Parigi non è in alcun modo la città assediata descritta da taluni media. No lo è per scelta, natura e necessità: perché non può esserlo; perché non può permetterselo. È, quello sì, una città ferita, addolorata, arrabbiata e consapevole – immensamente consapevole – della propria ineluttabile vulnerabilità. Più di tutto, è una città unita e solidale. Sono processi difficili da descrivere, che in una certa misura sembrano accomunare la Parigi di oggi alla New York del post 11 settembre 2001, anche se nella seconda il dispiegamento dell’apparato securitario fu da subito più esteso e, soprattutto, visibile. Città violate, Parigi oggi e New York quattordici anni orsono; e città che reagiscono con dignità, sobrietà, finanche pudore alla condizione in cui si vengono a trovare. Il dolore, quello vero, e la paura, quella reale e quotidiana, questo generano: misura; compostezza; coscienza che le parole vanno pesate e usate con attenzione. La consapevolezza – del tutto assente in tanti commentatori, politici e urlatori di professione – che non esistono scorciatoie. Che la violenza, feroce e immane, ha matrici complesse, radici profonde e attorcigliate, che non si recidono con azioni militari improvvisate e dagli obiettivi incerti, non si spiegano con retoriche binarie e manichee, non si affrontano invocando nuove crociate o guerre di civiltà. Che quanto si è subito non giustifica in alcun modo opportunismi o strumentalizzazioni, come quelli cui purtroppo abbiamo assistito nello sconclusionato dibattito dell’altro ieri all’Assemblea Nazionale.
Per questo, la prima risposta che Parigi sta cercando di dare è quella della normalità. Di simulare una condizione che non può ovviamente essere, ma in assenza della quale i suoi nemici l’avrebbero infine vinta. Una normalità fatta di una metropolitana da prendere, di una passeggiata lungo la Senna, di un’aula affollata di studenti, di una partita allo stadio e, sì, anche di un aperitivo in una brasserie di quell`11° arrondissement variegato e multicolore, preso non a caso di mira dalla ferocia assassina dei terroristi.
Parigi e New York sono città-mondo; luoghi d’apertura, d’intrecci, passaggi, scambi, meticciamenti.

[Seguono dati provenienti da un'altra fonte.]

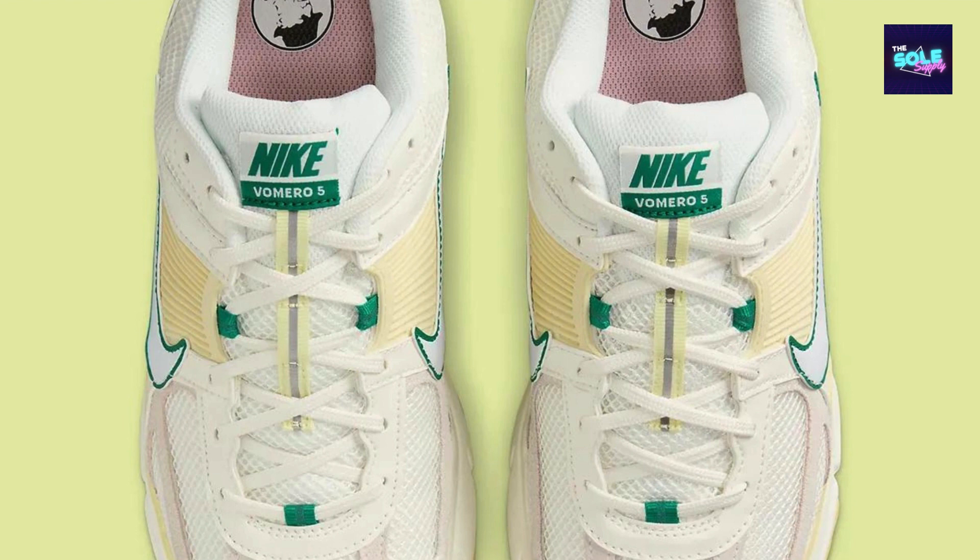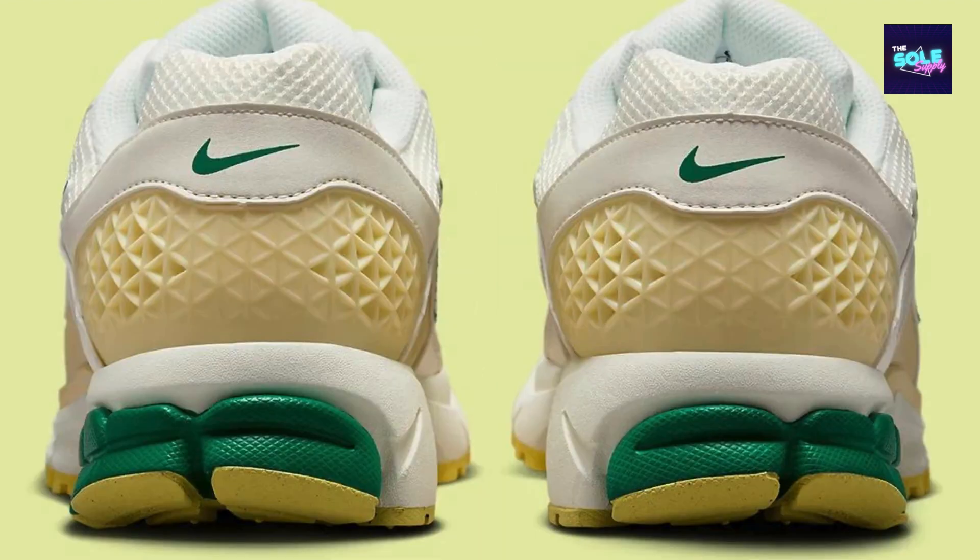The Zoom Vomero 5 is renowned for its plush cushioning. This version features a Zoom Air midsole known for its responsiveness and impact absorption, ensuring a comfortable ride during all-day wear or light activity. The robust rubber outsole promises durability and traction.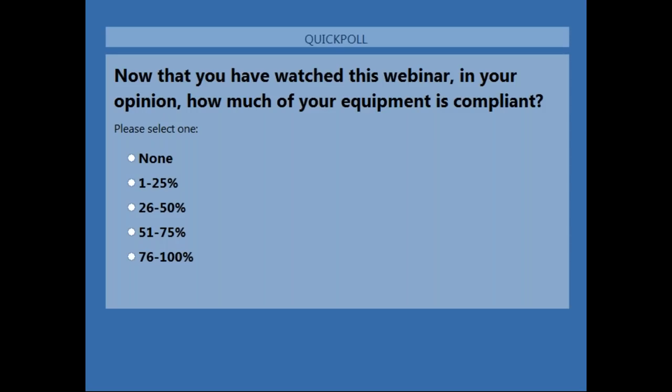Don't leave yet — we have a handful more slides. We'll get into the live Q&A and give you an opportunity to get one of our HAWS representatives on site to check your equipment. Poll question four: now that you've watched the meat of the webinar, in your opinion, how much of your equipment is fully ANSI compliant? Be honest with us. Thanks — looks like everybody is compliant. We will move on to our survey program.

Sono l’antitesi dell’oscurantismo dei sedicenti califfati. Sono bersagli facili e allettanti. Per ciò che rappresentano; per la loro porosità; per le loro maglie larghe e plurime; per la loro capacità di accogliere al proprio interno il mondo nella sua interezza, male incluso. Sono realtà che per restare tali devono accettare una situazione strutturale, verrebbe voglia di dire esistenziale, d’insicurezza. New York offre al riguardo una grande lezione. Diversamente da gran parte degli Stati Uniti, dopo l’11 settembre non cadde preda di un’isteria che portò a compiere scelte politiche in ultimo scellerate. I sondaggi rivelarono allora una situazione paradossale, nella quale il senso percepito d’insicurezza, e il conseguente sostegno a provvedimenti restrittivi delle libertà individuali, era più alto in Kansas o in Montana, che nella città colpita dal (ed esposta al) terrorismo fondamentalista. È una lezione, quella newyorchese, che Parigi sembra istintivamente seguire. Forse perché è l’unica possibile per rimanere ciò che si è. E per mostrare come le emozioni, anche le più intense, non necessariamente producono scelte emotive e irragionevoli.